** What you are asked to do **
Nothing but the lines from the one with "Artist installing mural" through the end of the material should be retyped, word for word and without pictures.
(Data for this exercise)
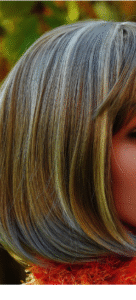 A light blonde wig with ultra light blonde highlights, cut in a bob style.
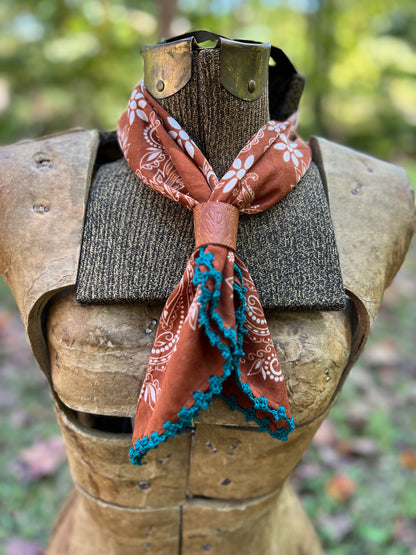 brown and white paisley bandana with blue cotton trim with leather slide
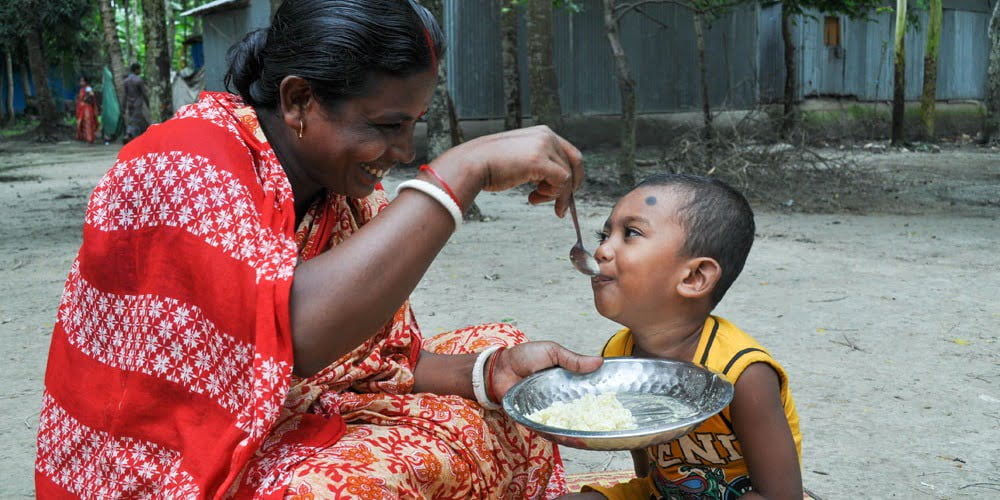 Woman feeding child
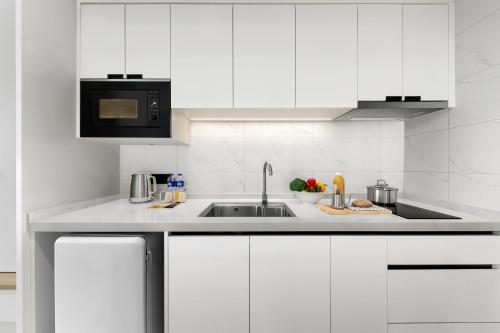 a white kitchen with a sink and a microwave at Citadines Guanghua Chengdu in Chengdu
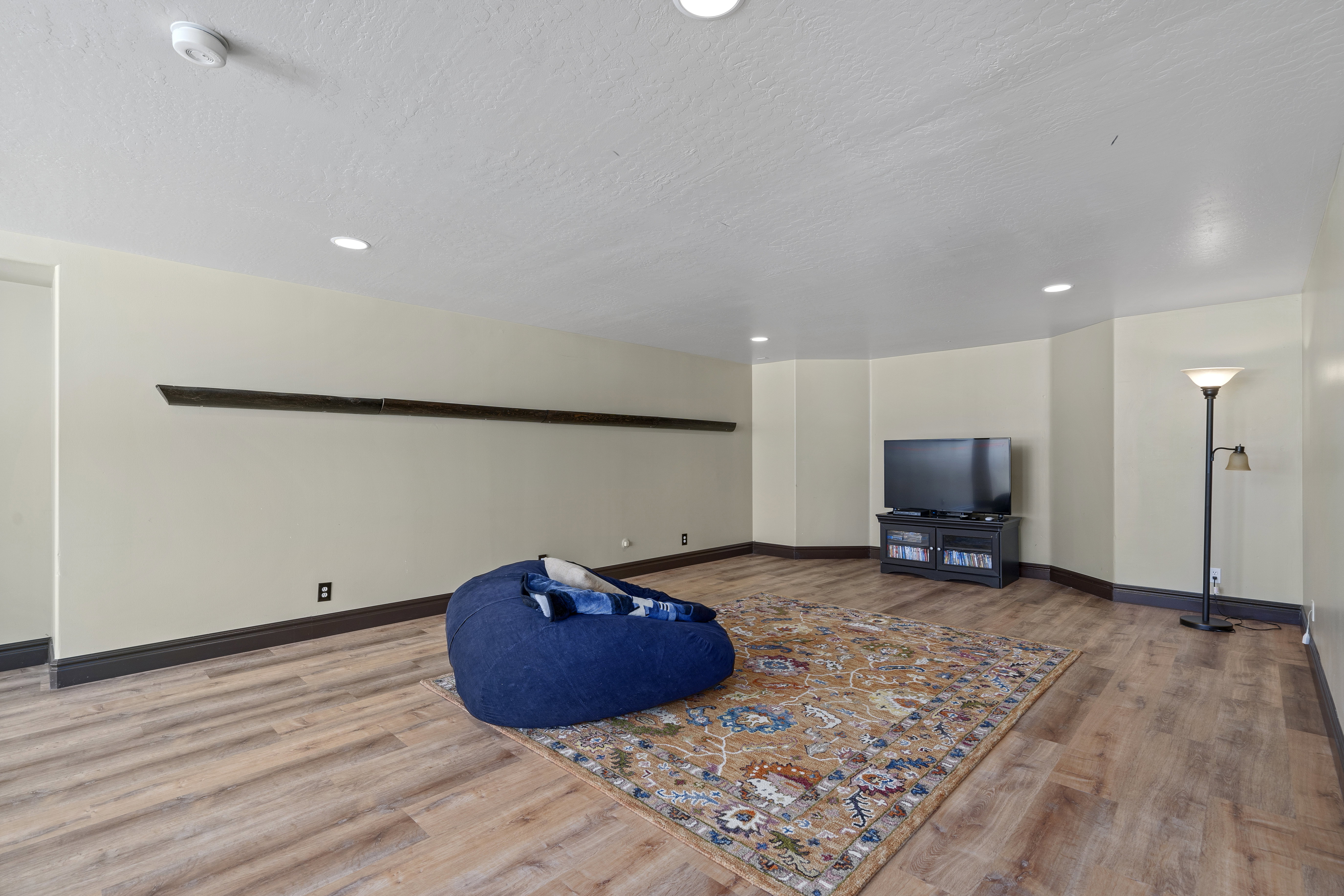 Spacious room featuring wood-finish flooring, recessed lighting, and light-toned walls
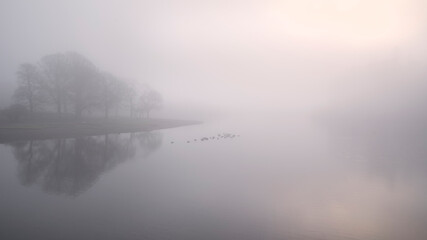 Stunning landscape image of misty Derwentwater in Lake District on cold Winter morning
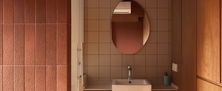 Moody washroom vanity nook with a round mirror, glowing globe sconce, terracotta wall tiles, and rich wood cabinetry.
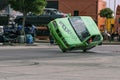 BMW car rides sideways on two wheels, at an auto show in the city of Halle Saale, Germany, 04.082019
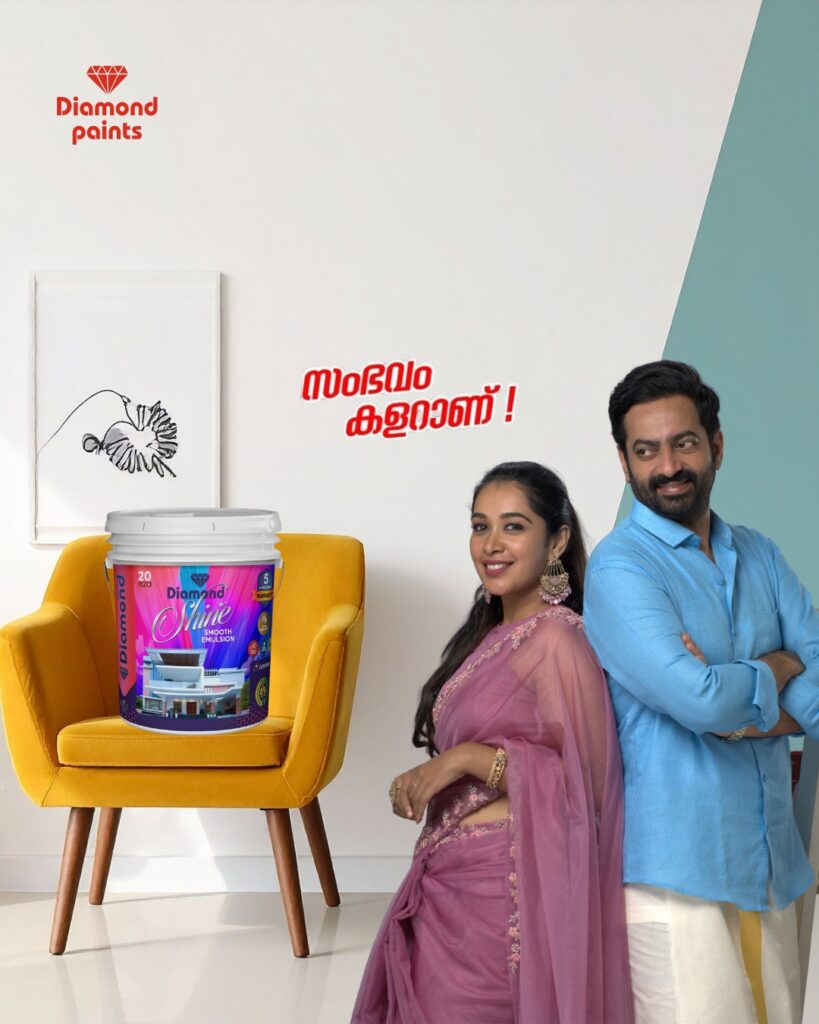 A Diamond Paints best interior paint ad showing a smiling man and woman next to a yellow chair holding a bucket of Diamond Shine bucket. Red Malayalam text 'സംഭവം കളറാണ്!' is in the center.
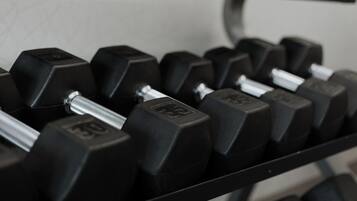 A close-up of a set of black dumbbells with visible weight markings.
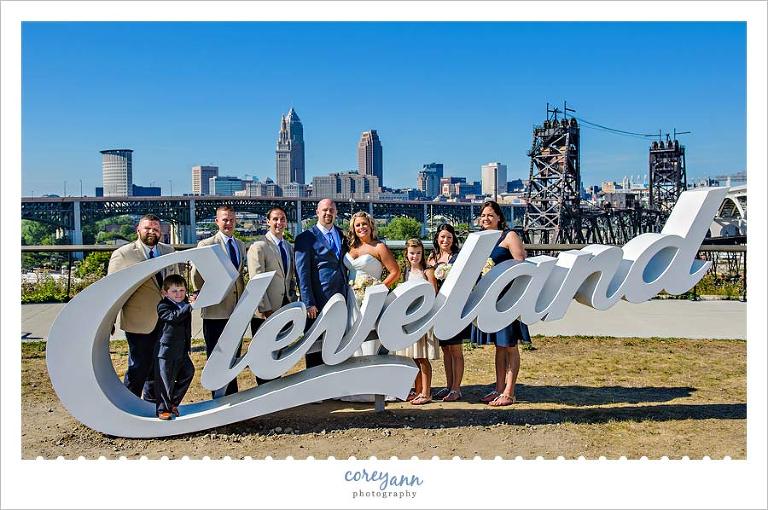 Wedding Party at Cleveland sign in Tremont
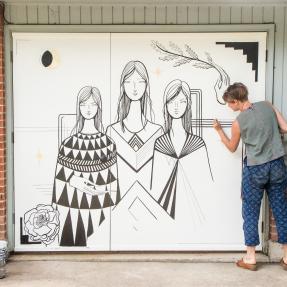 Artist installing mural artwork on a garage door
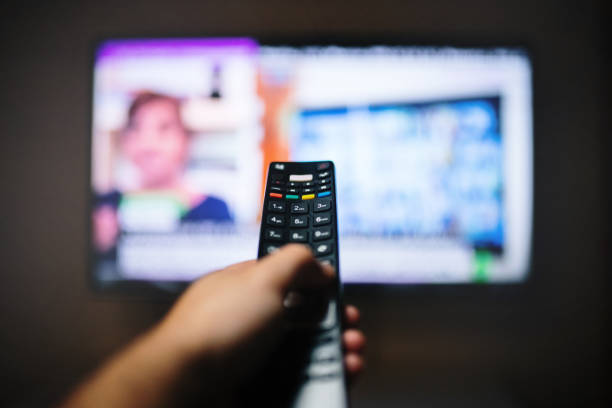 istock Changing the TV channel with a remote 1219716518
(End Data for this exercise)
** Result for this task **
 Artist installing mural artwork on a garage door
 istock Changing the TV channel with a remote 1219716518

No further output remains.